Leicester City, United Kingdom2008 12,900 m²
As an anchor for redevelopment of the St. George’s Conservation Area in downtown Leicester, the city’s new theater, named Curve, seeks to engage community life. To fulfill this mission, Rafael Viñoly Architects turned the typical theater configuration “inside out,” exposing the production, construction, craft, and technical components of the building to the public, and integrated the performance into the life of the city.
The design accomplishes this goal of public engagement via a four-story glazed curtain wall that reveals two main performance venues, a 750-seat main theater and a 350-seat black box theater, situated on opposite sides of the main stage and surrounded by the public ground-floor lobby. The stage, lobby, and sidewalk are all at the same level, with ample visual connections among them, thus making the theatrical performance an extension of activity on the street. Metal shutters open the stage to one theater, to both theaters at once, or to the lobby, which allows for a wide variety of performance configurations to meet the community’s diverse cultural needs.

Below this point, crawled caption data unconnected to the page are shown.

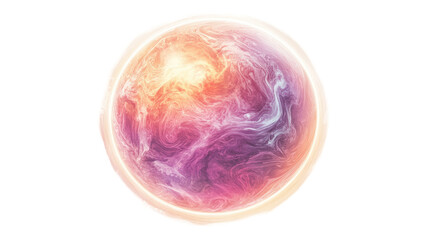 Isolated Luminous Swirling Orb with Radiant Glow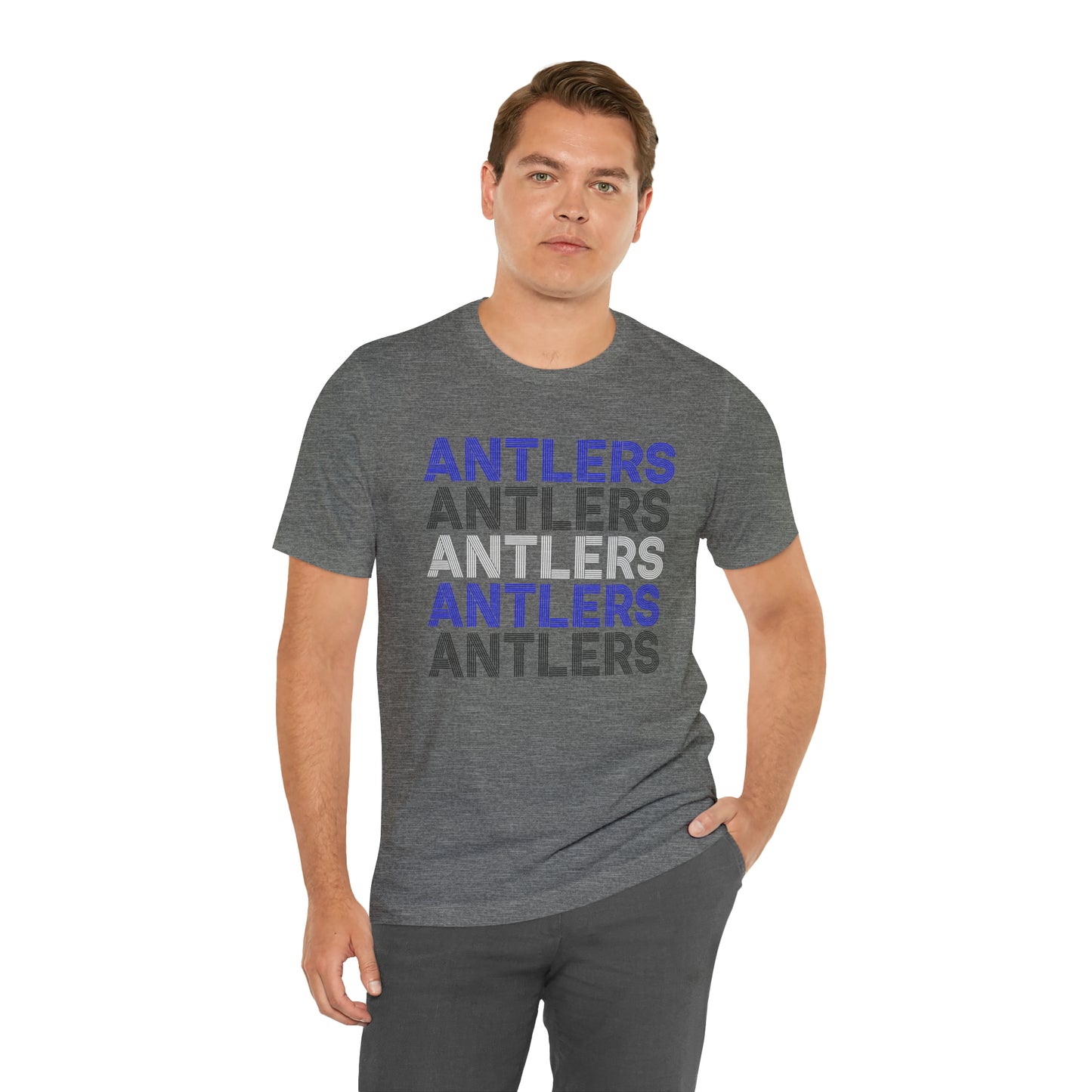 Antlers on Repeat Unisex TShirt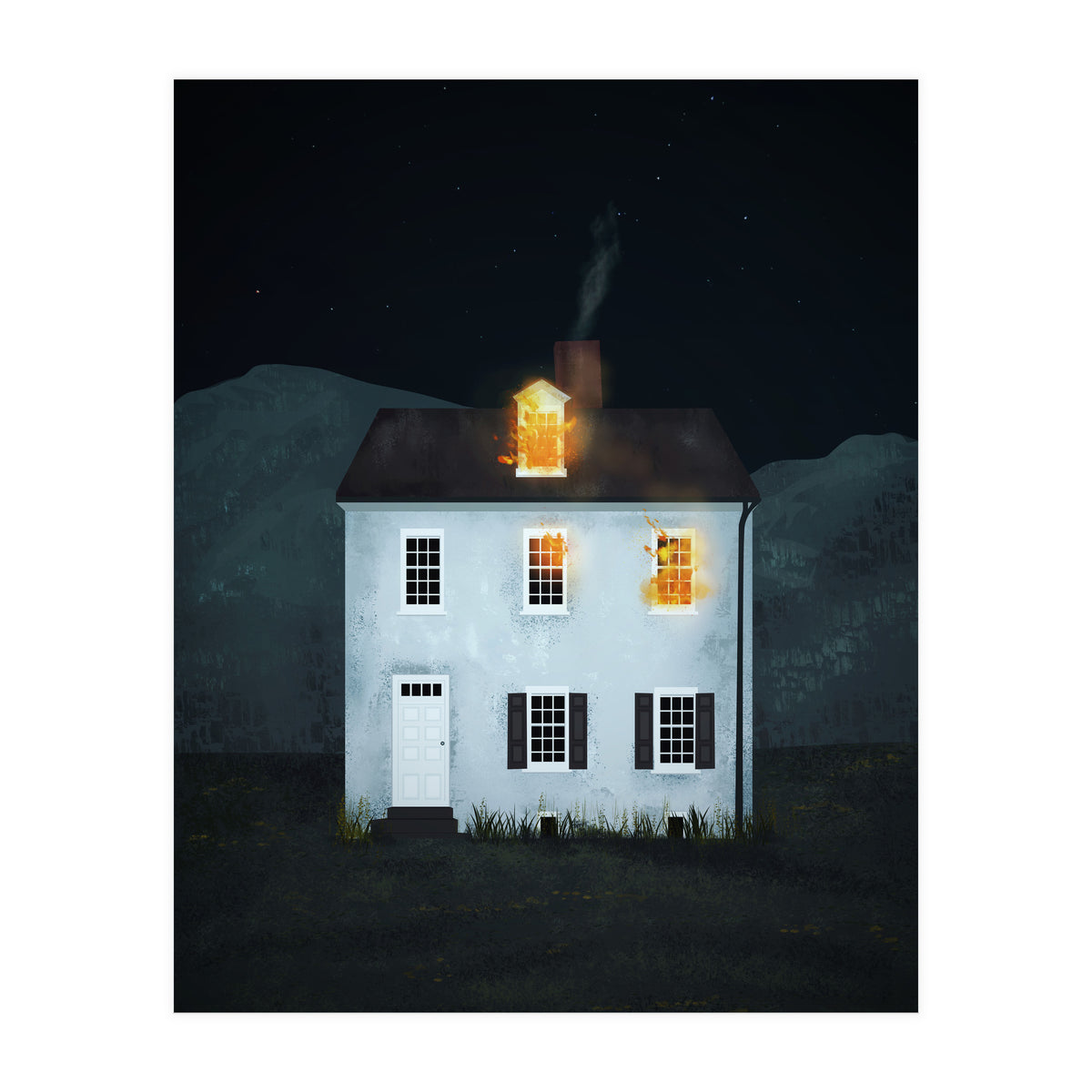 Burning House (Print Only)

No distinction is made between front- and back-of-house, because the stage itself can be made part of the lobby and circulation. Situated at ground level across the main lobby from the stage, double-height workshops and production spaces feature glass walls that expose production activities and make them a visible part of the overall performance experience.
Rectangular building volumes along the north and west elevations contain administrative offices, production facilities, dressing rooms, rehearsal spaces, the box office, a recording studio, a kitchen, and other support functions. Circulation balconies at upper levels overlook the foyer and allow for physical and visual connections among staff, performers, and the audience.
“Curve is an extraordinary contribution to the regeneration of Leicester,” says Rafael Viñoly. “This project could not have been if it weren’t for the vision of the people involved. They were interested in this notion of a theater being an inside–out experience, something in which the production has as much value as the performance itself.”